For today we have a good example of the problems that
therapy causes. I have long since postulated that therapy is more often the
problem than the solution, and today’s Carolyn Hax column shows how it’s done.
Without too much introduction, here’s the letter:
My adult son, now 29, lost his father in a freak
accident the day before my son turned 13. For more than two years after the
accident, his dad lingered in a near vegetative state. A grief counselor I
consulted back then told me that as a result of this experience, my son could
have difficulty later in his life forging intimate relationships.
My son and I have talked several times about
this possibility and about how counseling could help.
Now he is having trouble in his intimate
relationships, but he's closed to the idea of therapy. He is otherwise a really
good man, thriving in his career and regarded by many as a really charming guy.
How can I help?
A good man, doing very well in
his career, charming and personable… and yet, overhanging his life is what I
will call a curse pronounced by a grief counselor. Said psycho professional has
no real idea of the lasting effects of the father’s death will be. But, he
feels compelled to make a prediction, to look into his crystal ball and
pronounce what will happen in the future. He is not a scientist, but a prophet. And yet, he is pretending to be able to foretell the future.

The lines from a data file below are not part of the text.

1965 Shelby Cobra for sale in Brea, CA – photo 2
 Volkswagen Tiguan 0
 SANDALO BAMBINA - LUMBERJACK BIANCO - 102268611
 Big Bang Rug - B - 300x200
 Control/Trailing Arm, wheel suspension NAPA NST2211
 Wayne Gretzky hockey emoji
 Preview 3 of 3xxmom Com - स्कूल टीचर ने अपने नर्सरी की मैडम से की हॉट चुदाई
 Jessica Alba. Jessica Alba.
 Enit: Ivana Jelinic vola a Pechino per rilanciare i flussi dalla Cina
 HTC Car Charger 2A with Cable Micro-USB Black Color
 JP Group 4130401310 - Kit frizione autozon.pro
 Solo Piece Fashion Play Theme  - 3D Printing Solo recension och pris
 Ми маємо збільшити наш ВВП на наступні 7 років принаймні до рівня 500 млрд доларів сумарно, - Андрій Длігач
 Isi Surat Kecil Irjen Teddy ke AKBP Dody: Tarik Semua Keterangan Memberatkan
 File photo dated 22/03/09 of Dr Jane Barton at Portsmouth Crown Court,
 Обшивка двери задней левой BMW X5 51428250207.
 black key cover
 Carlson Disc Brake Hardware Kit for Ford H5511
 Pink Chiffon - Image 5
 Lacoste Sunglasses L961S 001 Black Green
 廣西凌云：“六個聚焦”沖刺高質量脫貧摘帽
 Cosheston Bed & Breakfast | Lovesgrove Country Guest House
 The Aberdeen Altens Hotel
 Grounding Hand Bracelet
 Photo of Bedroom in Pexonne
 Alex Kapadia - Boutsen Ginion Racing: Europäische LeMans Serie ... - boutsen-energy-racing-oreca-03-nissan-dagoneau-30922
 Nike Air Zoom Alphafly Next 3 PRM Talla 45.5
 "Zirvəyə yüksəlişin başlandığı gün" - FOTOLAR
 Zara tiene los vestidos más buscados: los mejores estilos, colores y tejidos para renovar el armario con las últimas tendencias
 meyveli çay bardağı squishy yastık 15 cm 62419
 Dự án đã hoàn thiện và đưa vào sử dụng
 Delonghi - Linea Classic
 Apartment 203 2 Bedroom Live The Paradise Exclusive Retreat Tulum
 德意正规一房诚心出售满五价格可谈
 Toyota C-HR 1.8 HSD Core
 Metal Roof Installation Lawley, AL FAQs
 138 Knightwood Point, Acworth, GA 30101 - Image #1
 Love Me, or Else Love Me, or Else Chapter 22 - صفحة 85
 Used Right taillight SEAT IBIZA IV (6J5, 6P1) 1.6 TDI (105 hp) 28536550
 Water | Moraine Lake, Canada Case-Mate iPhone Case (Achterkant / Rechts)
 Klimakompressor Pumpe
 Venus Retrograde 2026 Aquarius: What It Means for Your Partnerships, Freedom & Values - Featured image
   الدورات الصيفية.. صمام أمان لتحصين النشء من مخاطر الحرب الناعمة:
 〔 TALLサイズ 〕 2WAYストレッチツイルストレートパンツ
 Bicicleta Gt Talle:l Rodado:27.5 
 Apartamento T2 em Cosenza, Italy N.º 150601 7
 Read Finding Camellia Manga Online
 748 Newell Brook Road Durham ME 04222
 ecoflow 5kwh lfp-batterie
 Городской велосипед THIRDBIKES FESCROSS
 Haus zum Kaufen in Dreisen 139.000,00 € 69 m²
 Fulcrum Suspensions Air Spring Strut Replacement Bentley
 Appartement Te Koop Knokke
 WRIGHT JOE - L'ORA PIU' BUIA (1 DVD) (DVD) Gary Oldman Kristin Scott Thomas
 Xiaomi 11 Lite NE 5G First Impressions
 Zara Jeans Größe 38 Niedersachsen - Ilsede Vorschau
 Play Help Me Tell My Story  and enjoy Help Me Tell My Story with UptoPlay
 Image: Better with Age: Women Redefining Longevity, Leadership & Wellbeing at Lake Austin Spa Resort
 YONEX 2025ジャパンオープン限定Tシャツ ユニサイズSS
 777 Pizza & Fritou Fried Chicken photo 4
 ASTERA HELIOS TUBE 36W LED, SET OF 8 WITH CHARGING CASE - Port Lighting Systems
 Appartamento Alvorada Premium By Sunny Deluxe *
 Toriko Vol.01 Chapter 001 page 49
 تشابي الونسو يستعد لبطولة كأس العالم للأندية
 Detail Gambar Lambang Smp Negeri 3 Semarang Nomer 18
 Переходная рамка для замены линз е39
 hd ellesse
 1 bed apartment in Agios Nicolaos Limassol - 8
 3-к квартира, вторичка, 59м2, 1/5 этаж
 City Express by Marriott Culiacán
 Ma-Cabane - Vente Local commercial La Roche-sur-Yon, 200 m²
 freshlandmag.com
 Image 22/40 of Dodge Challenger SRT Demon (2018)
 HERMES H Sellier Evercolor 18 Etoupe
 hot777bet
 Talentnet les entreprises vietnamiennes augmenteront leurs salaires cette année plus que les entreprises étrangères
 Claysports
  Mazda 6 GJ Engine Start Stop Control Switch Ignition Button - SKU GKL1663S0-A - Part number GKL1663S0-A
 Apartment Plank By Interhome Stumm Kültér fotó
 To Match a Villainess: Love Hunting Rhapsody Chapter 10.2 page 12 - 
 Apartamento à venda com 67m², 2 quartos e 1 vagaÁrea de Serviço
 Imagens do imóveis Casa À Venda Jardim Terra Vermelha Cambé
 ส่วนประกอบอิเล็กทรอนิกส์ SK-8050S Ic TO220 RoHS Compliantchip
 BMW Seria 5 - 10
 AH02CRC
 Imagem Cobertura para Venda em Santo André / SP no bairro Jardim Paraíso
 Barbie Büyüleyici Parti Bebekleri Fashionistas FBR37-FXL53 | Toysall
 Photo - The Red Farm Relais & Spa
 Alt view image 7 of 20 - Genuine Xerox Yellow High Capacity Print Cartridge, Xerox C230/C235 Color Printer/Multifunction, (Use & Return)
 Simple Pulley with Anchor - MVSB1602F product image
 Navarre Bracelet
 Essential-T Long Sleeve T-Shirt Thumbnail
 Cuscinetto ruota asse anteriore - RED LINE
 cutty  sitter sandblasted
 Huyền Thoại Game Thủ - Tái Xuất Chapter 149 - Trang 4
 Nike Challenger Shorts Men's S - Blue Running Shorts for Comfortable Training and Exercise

Naturally, the young man’s
ever-so gullible mother has bought the prophecy. Now she is doing her best to
ensure that it will come to pass… by nagging her son about going into therapy. It might be that her nagging about this issue has become an impediment to the son's relationships.
We must notice that said mother probably does not know all there is to know
about her son’s romantic relations. If he has good character and is thriving in
his career, he probably attracts young women, like catnip. And if he has
trouble with these relationships, it seems never to have crossed his mother’s
mind that the fault might lie in the young women. Depending on what he does,
who he hangs out with, how he meets these women… none of which is reported… the
fault might well lie elsewhere.
This being the case, Hax sagely
advises this woman to mind her own business and to stop trying to drum up
business for therapists. Though Hax unfortunately seems willing to accept that
the young man needs therapy.
The moral of the story is that
one therapist’s ignorant pretense to be able to predict the future has caused
damage to this family.
2 comments:
I have to ask: HOW many intimate relationships does he have currently? Is he spreading himself too thin?
Therapists see no problem in predicting the past either. If you happen to have a so-called major life event somewhere in your past, take heed. If that isn't the obvious cause of your current problems, at least it must have a huge and everlasting influence that needs to be explored. The more you resist the idea, the more the therapist becomes convinced that there is something you are hiding. You are doomed either way.